Crawled caption data
........

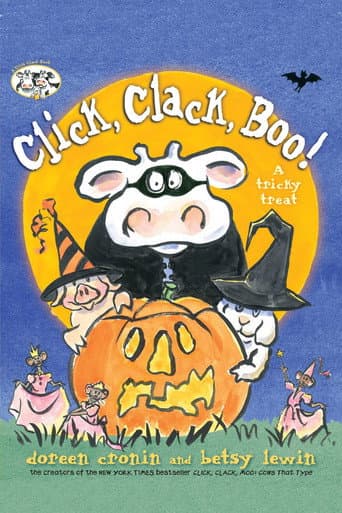 Click, Clack, Boo!: A Tricky Treat afişi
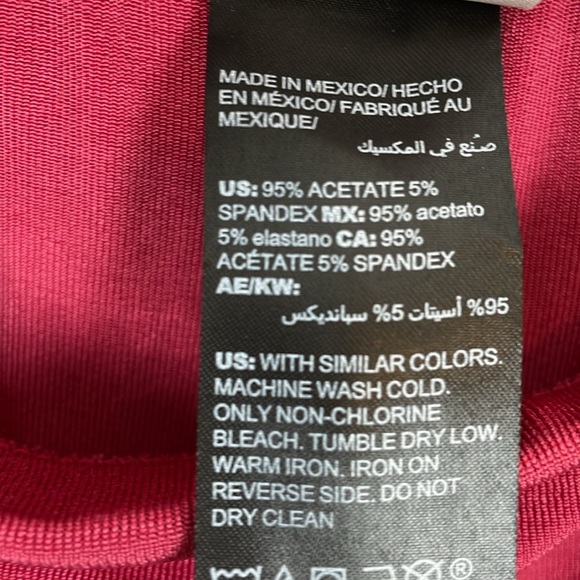 Chico's Travelers Womens US 12 Slinky Stretch Wide Leg Pull On Set of 2 Pants - Picture 7 of 10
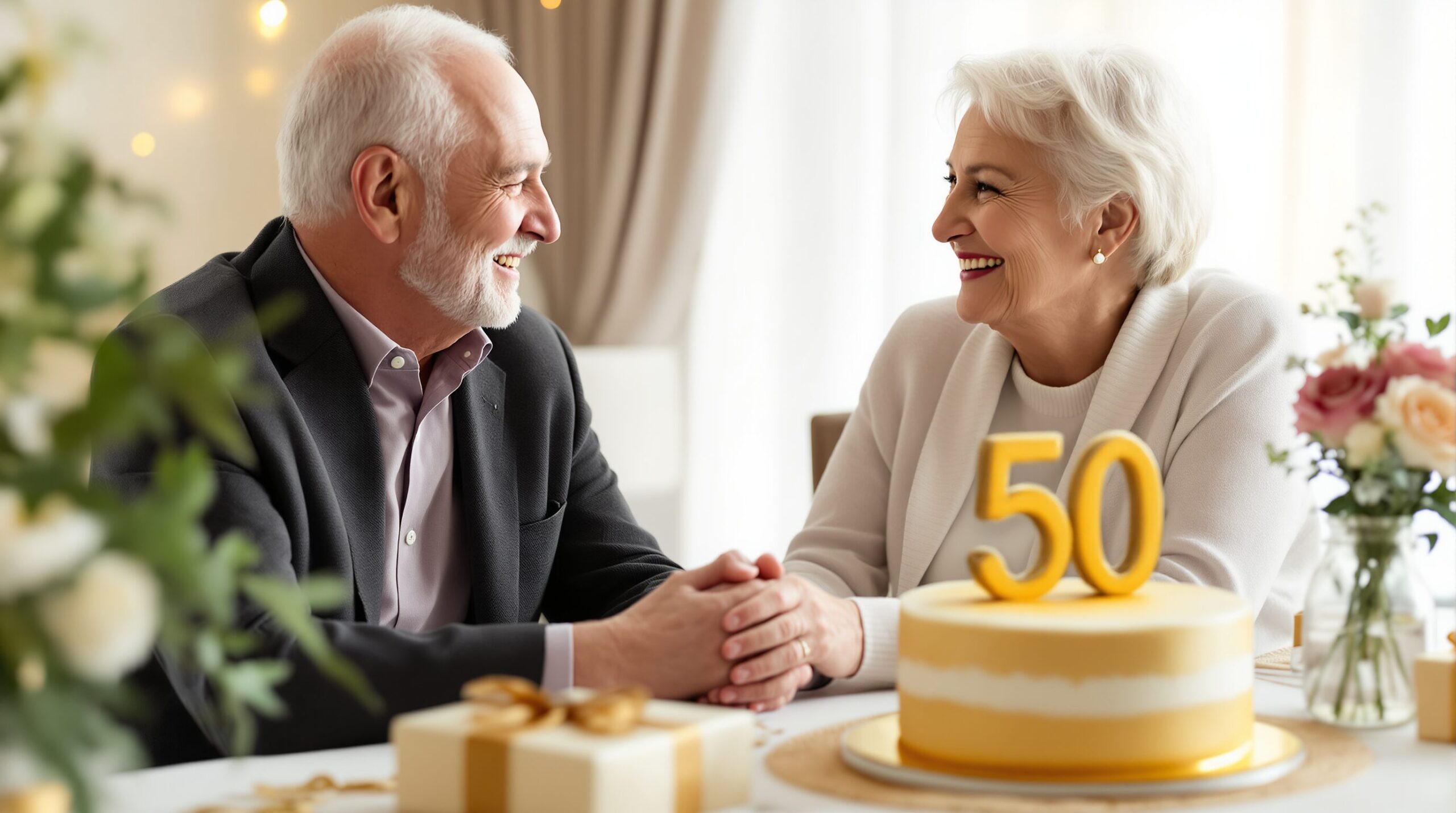 regalos bodas de oro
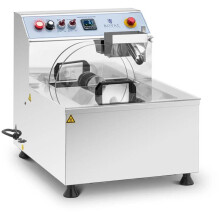 Schokoladentemperiergerät Edelstahl 750 Watt 8 Liter Edelstahl silber 14_0010117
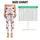 Cherry Bow Motifs for Playful Yoga, Running, and Everyday Athleisure for Active Women Leggings - 1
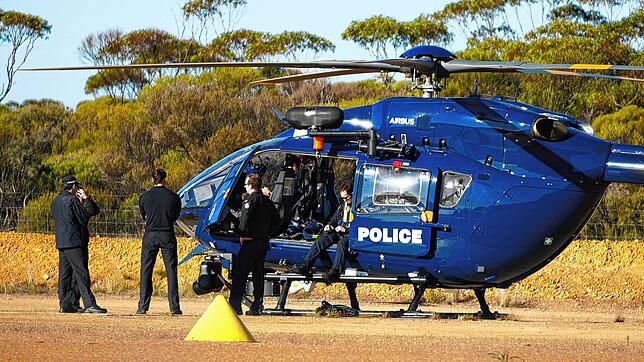 Bild : Wie durch ein Wunder! Vermisste deutsche Backpackerin in Westaustralien lebend gefunden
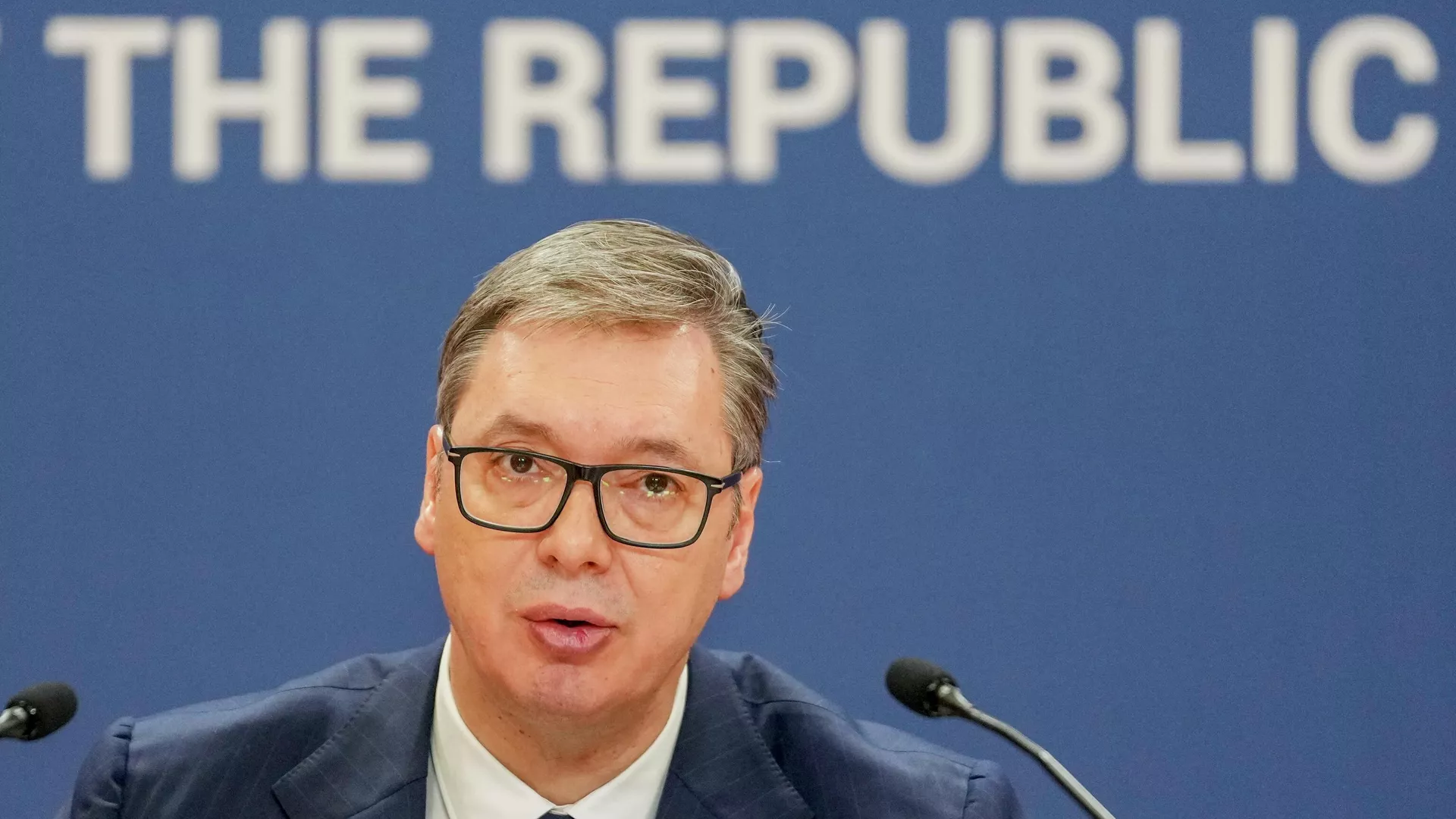 Alexander Vucic - RIA Novosti, 1920, 30/07/2025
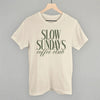 Slow Sundays Coffee Club (Green) by Ivy + Cloth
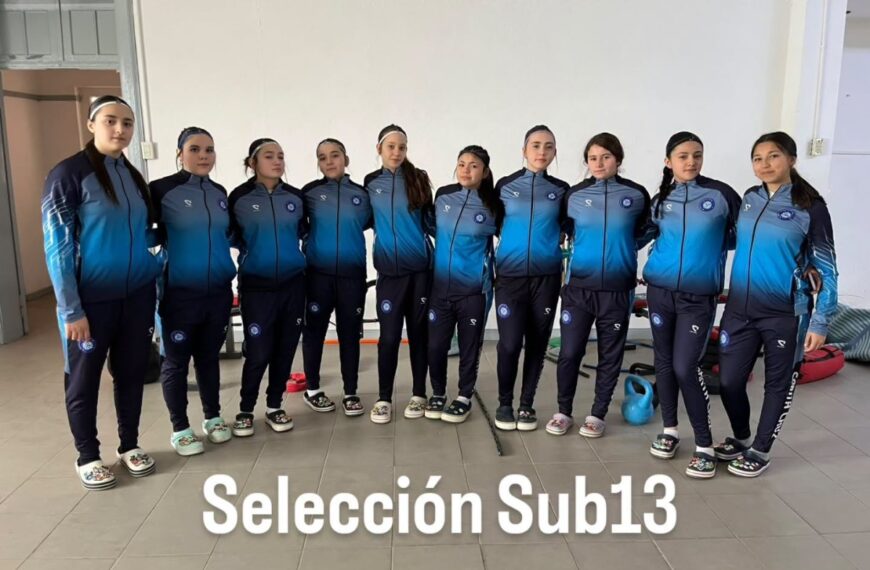 Santa Cruz ya está en camino a La Pampa para vivir una nueva experiencia en el vóley regional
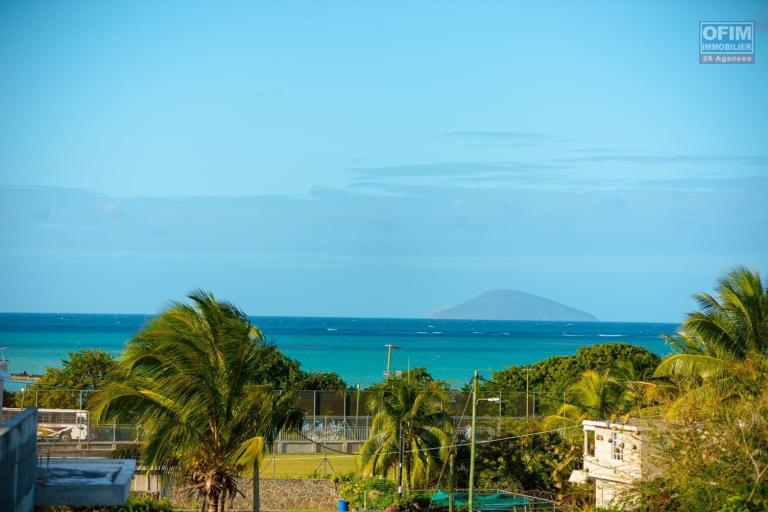 Studio rooftop avec vue panoramique sur le lagon – Calodyne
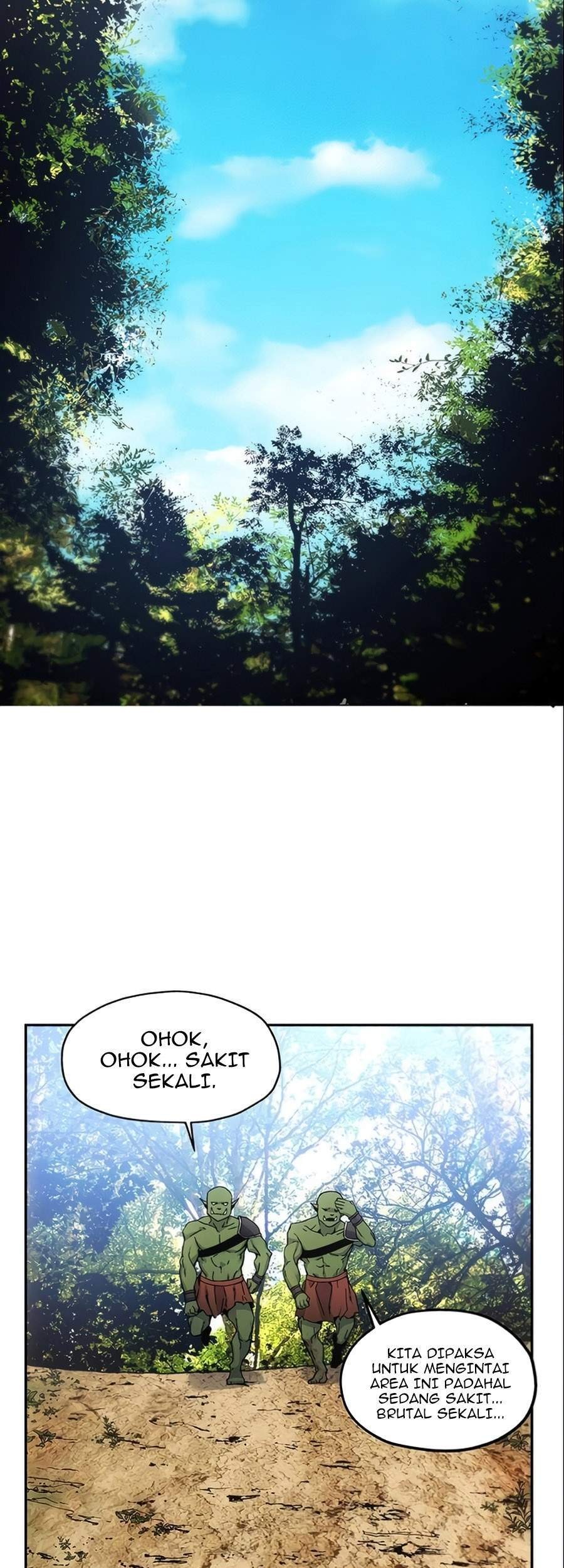 How to Live as a Villain Chapter 5 Gambar 43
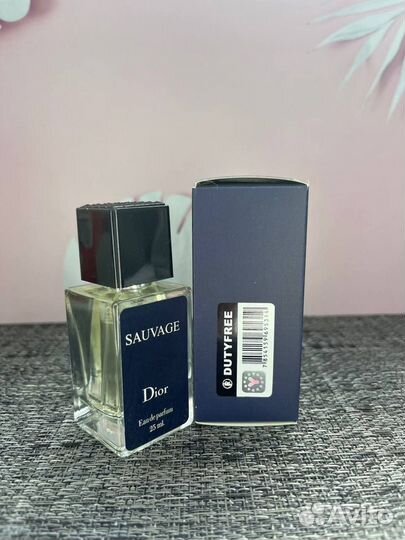 Парфюм Dior Sauvage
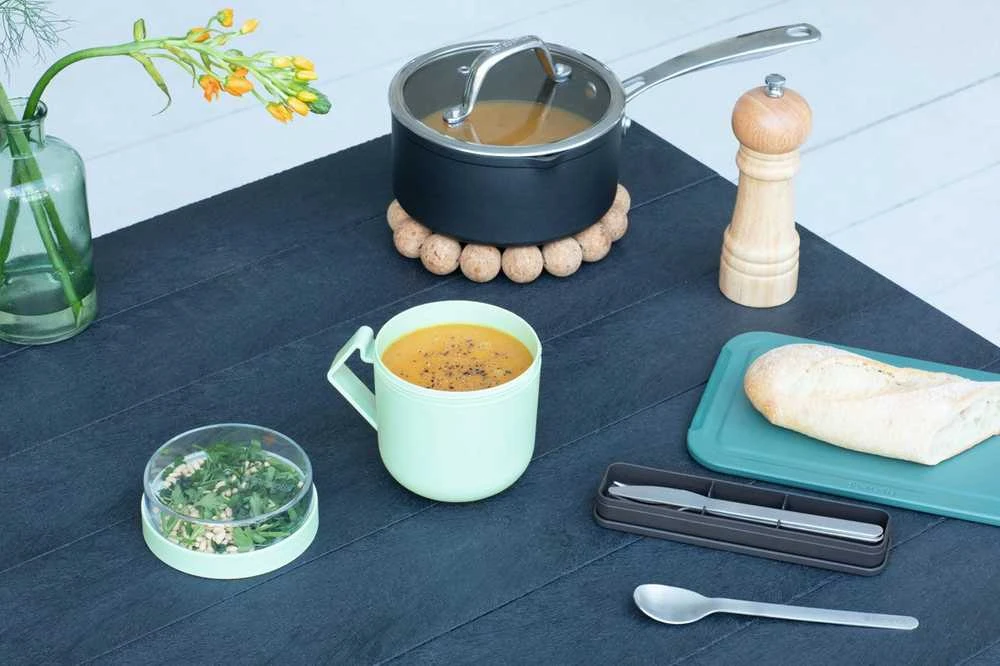 Brabantia Sriubos indelis Make &amp; Take, 0,6 L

........

→ Directions:
I need the entries printed exactly, with each picture left out.

→ Output:
 Click, Clack, Boo!: A Tricky Treat afişi
 Chico's Travelers Womens US 12 Slinky Stretch Wide Leg Pull On Set of 2 Pants - Picture 7 of 10
 regalos bodas de oro
 Schokoladentemperiergerät Edelstahl 750 Watt 8 Liter Edelstahl silber 14_0010117
 Cherry Bow Motifs for Playful Yoga, Running, and Everyday Athleisure for Active Women Leggings - 1
 Bild : Wie durch ein Wunder! Vermisste deutsche Backpackerin in Westaustralien lebend gefunden
 Alexander Vucic - RIA Novosti, 1920, 30/07/2025
 Slow Sundays Coffee Club (Green) by Ivy + Cloth
 Santa Cruz ya está en camino a La Pampa para vivir una nueva experiencia en el vóley regional
 Studio rooftop avec vue panoramique sur le lagon – Calodyne
 How to Live as a Villain Chapter 5 Gambar 43
 Парфюм Dior Sauvage
 Brabantia Sriubos indelis Make &amp; Take, 0,6 L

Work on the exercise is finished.